1. The Duration Paradox:
Finding: Call duration is strongest predictor (14.9% feature importance)
- 0-2 minutes: 1% success
- 15-30 minutes: 63% success
The Problem: Duration only known AFTER call ends (post-facto feature)
Solutions:
✅ For Training: Include to learn engagement patterns
❌ For Pre-Contact Targeting: Exclude (data leakage!)
✅ For Callbacks: Use duration from first call to prioritize follow-ups
2. The Campaign Frequency Inverse Relationship:
Finding: More contact attempts → Lower success rate
- 0-2 attempts: 7.8% success
- 10+ attempts: 4.2% success
The Nuance: This is CORRELATION, not CAUSATION (selection bias)

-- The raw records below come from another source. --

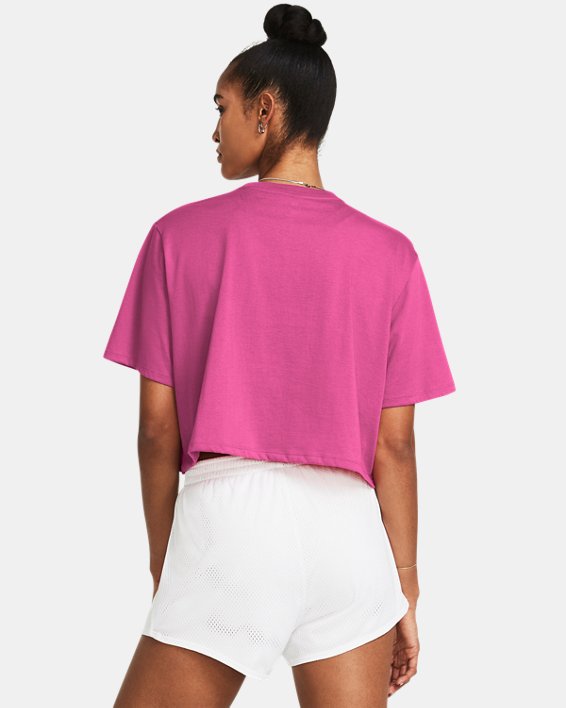 Camiseta de manga corta UA Campus Boxy Crop para mujer, Pink, pdpMainDesktop image number 1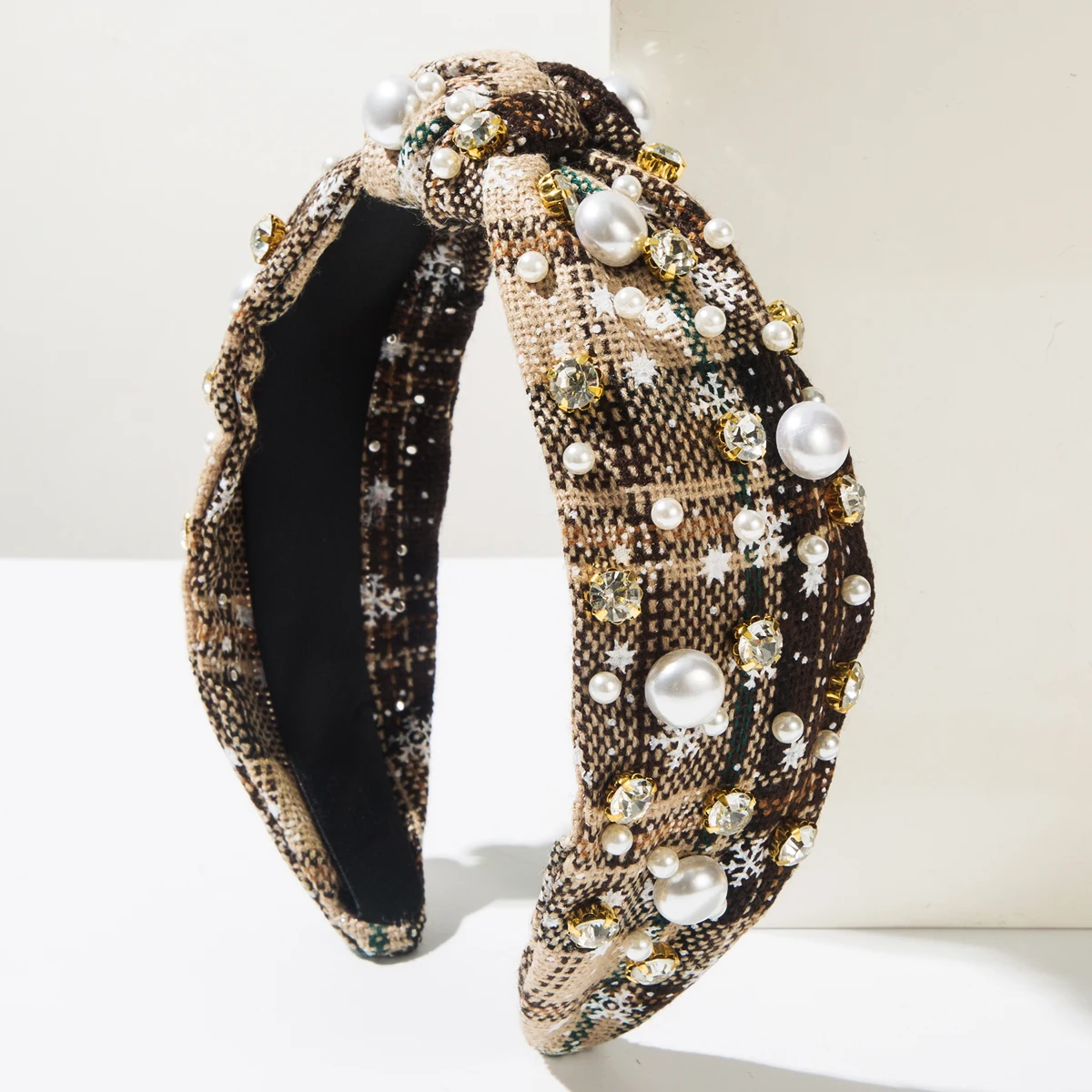 Christmas Day Series Creative Snowflake Design Color Block Plaid Fabric Diamond Studded Pearls Knotted Wide Edge Accessory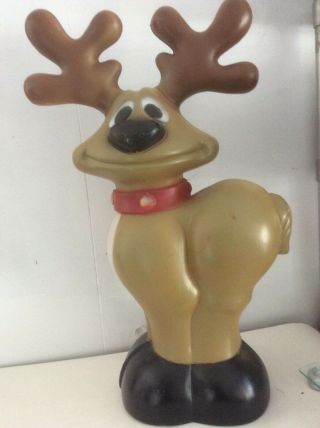Vintage Reindeer Christmas Blow Mold Unusual Rare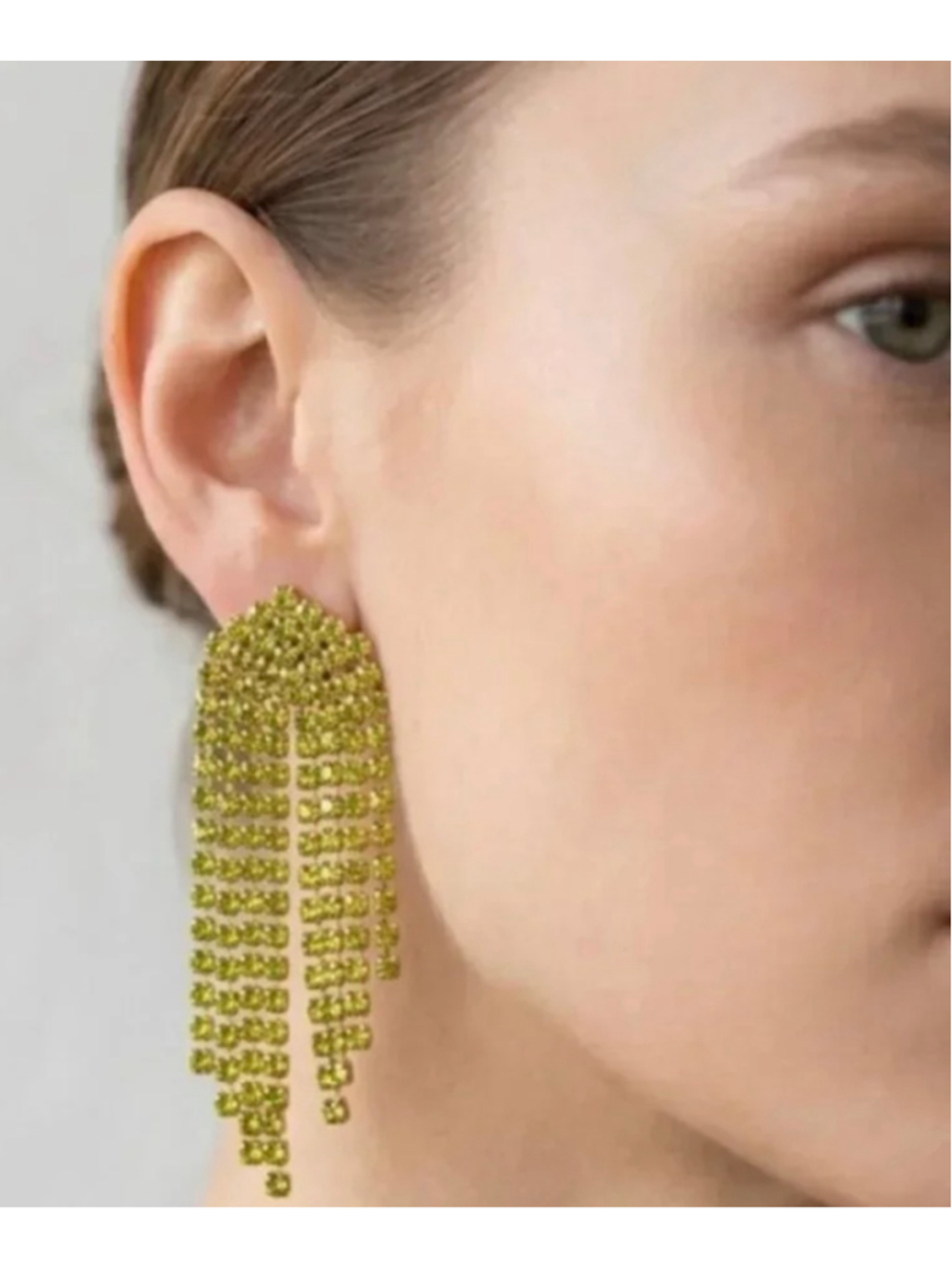 Tuckernuck 2” Fringed Crystal Drop Earrings Green New!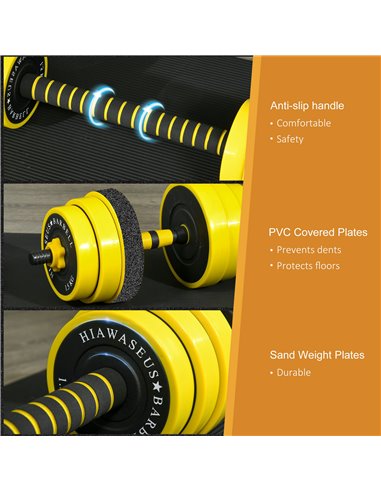 HOMCOM 25KG Dumbbell & Barbell  Adjustable Set Plate Bar Clamp Rod Home Gym Sports Area Exercise Ergonomic A91-088V01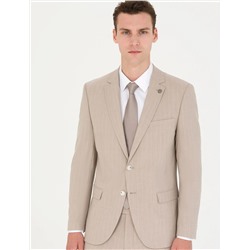 Bej Ekstra Slim Fit Çizgili Takım Elbise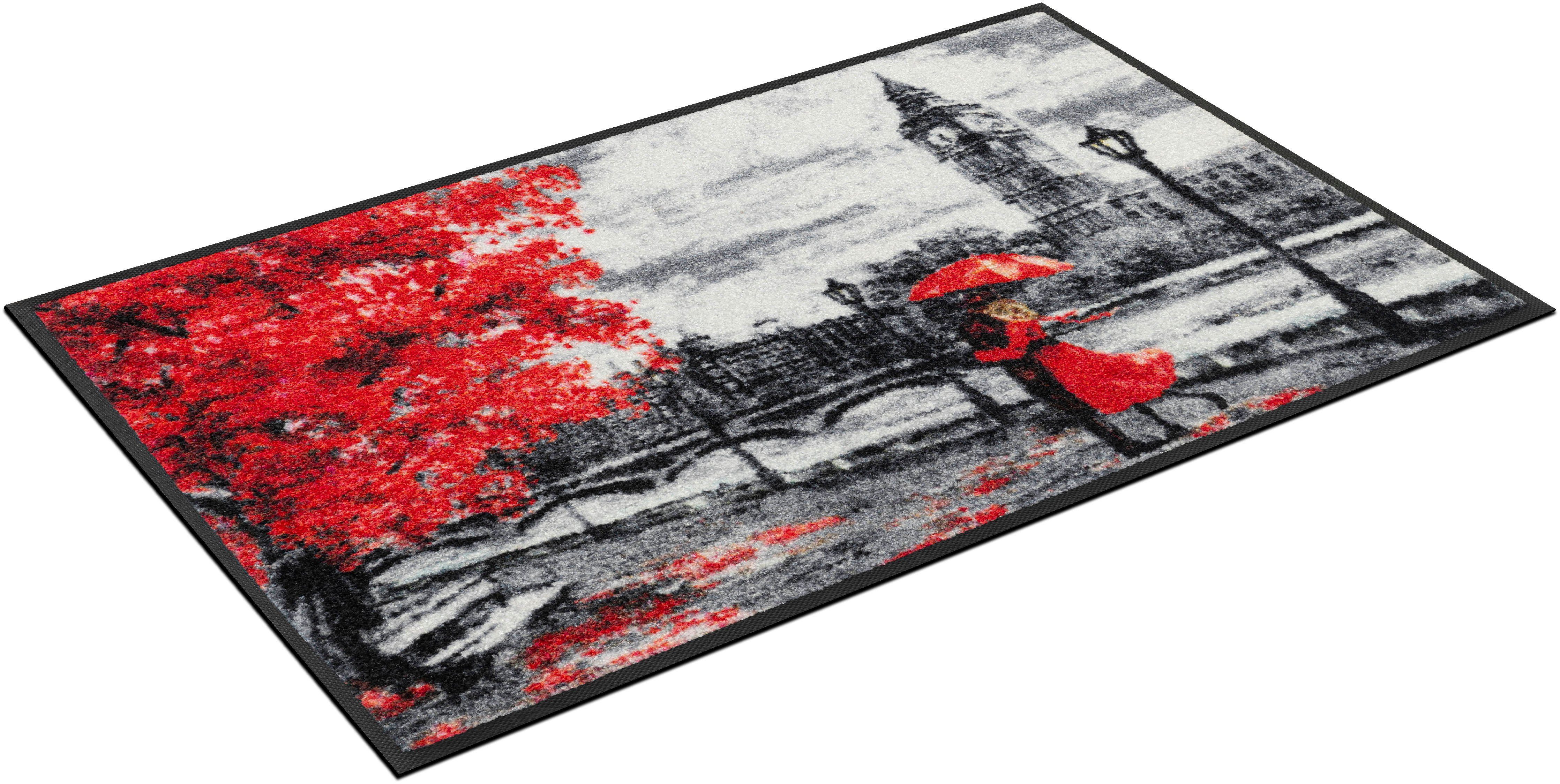 Fußmatte Red Romantic, wash+dry by Kleen-Tex, rechteckig, Höhe: 7 mm,  Schmutzfangmatte, rutschhemmend, In- und Outdoor geeignet, waschbar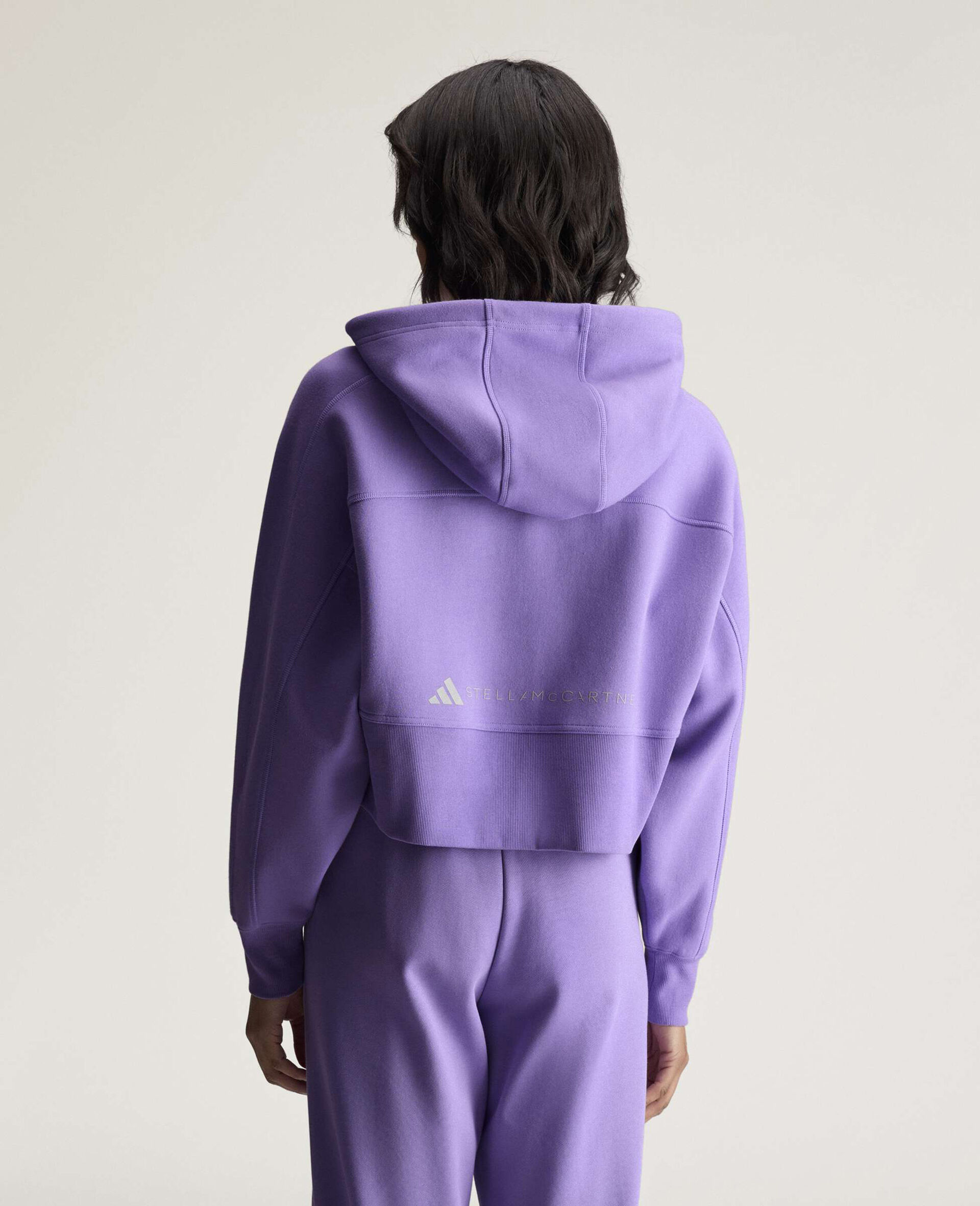 Logo Cropped Hoodie-Purple-large image number 3
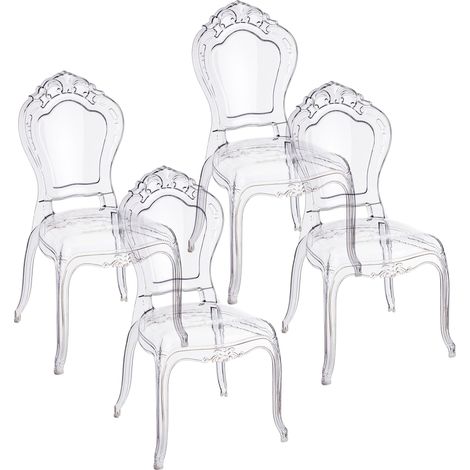 Baroni Home Set di 4 Sedie in Policarbonato Trasparente, Seduta Design Elegante Impilabile e Impermeabile da Soggiorno, Sala da Pranzo, Camera da Letto, 48X46X98, Smerli (1/5)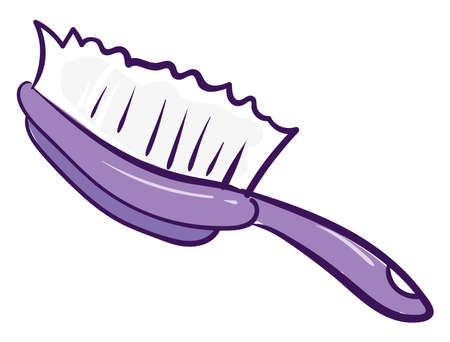 Purple hairbrush, illustration, vector on white background.のイラスト素材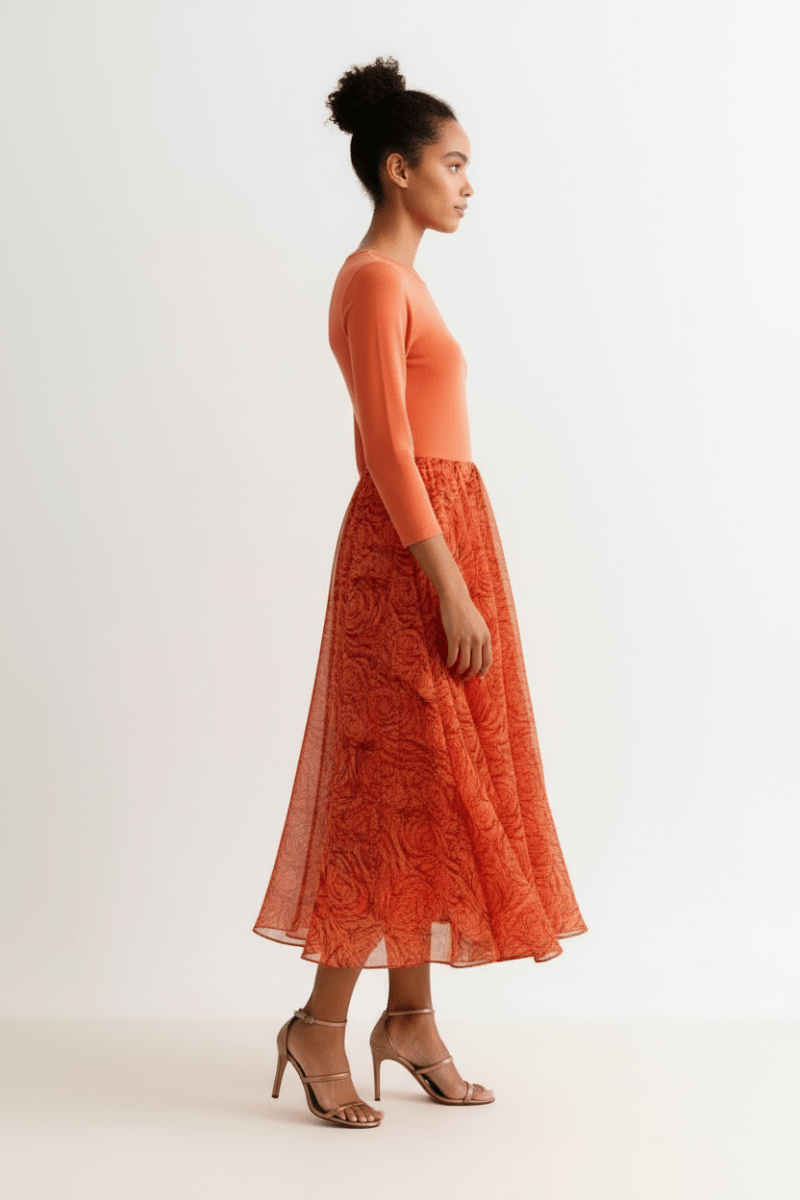 Huxley Rosechild Jersey Top Circle Skirt Midi Dress - Apricot - The Apparel Grove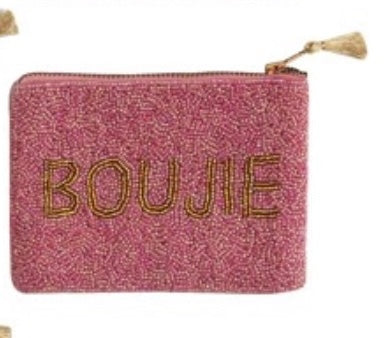 Pink glittery pouch with 'BOUJIE' embroidery on a white background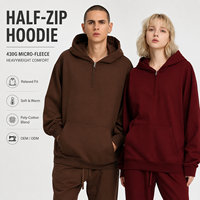 Sweat à capuche demi-zip 430G pour homme, coupe oversize en molleton bouclette, streetwear personnalisé, fournisseur OEM de sweats à capuche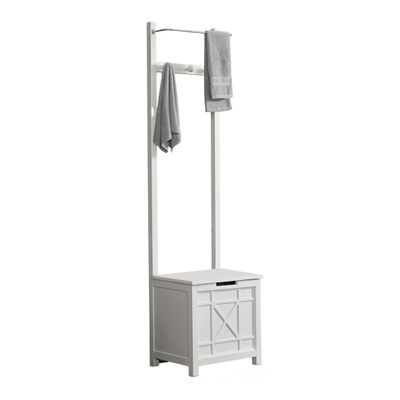 Derby Laundry Hamper with Towel Rack - Stool for Entryway, Laundry Room, or Bathroom Storage (White)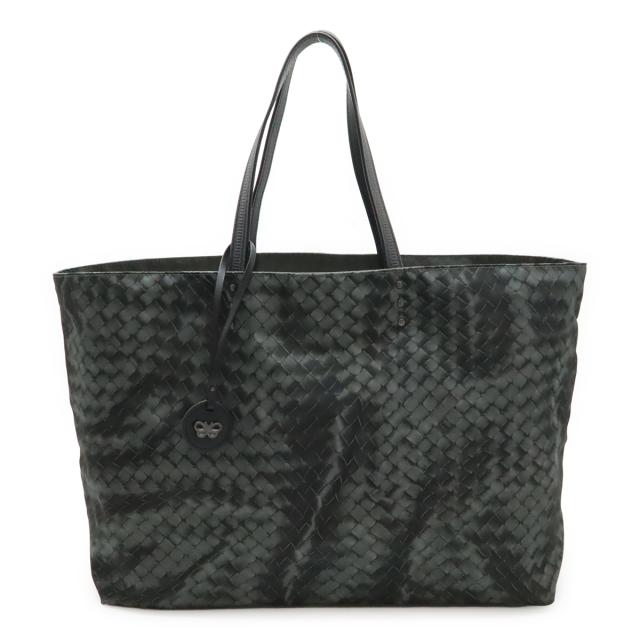 BOTTEGA VENETA ボッテガ ヴェネタ イントレッチオ リュージョン トートバッグ ショルダーバッグ ナイロン レザー グレー チャーム付き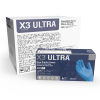 Box of X3 Ultra Blue Nitrile PF Ind Gloves with a display box and a larger bulk box in the background, both with product information.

- Customers who say "yes" stop getting called (exit the pool early)
- Those called 10+ times are enriched with "hard no" customers
- NOT that calling harms conversion!
Business Decision: Stop after 2-3 attempts
Reason: Remaining customers unlikely to convert (not because calling hurts)
3. The Calibration Problem:
Finding: Model overestimates probabilities 2-10× (especially at low scores)
- Model says 25% → Reality is 3-10%
- Model says 80% → Reality is 40-50%
Why This Happens: Duration feature creates train-deployment mismatch
- Training: Model sees completed calls (includes duration signal)
- Deployment: Duration unknown → Overestimates
Solutions:
✅ Use for RANKING (who's better?) → Highly reliable
⚠️ Use for PROBABILITIES → Apply correction factors
❌ Don't use raw probabilities for ROI forecasts
4. The €0 Boundary:
Finding: Major psychological boundary at €0 balance
- Negative balance: 4-5% success
- Slightly positive (€0-€200): 6.5% success (40% jump!)
Why It Matters: €0 separates "in debt" from "solvent"
- Psychological comfort to invest
- Financial capability signal
Binning Decision: Create separate bin for €0-€200 (don't merge with negatives)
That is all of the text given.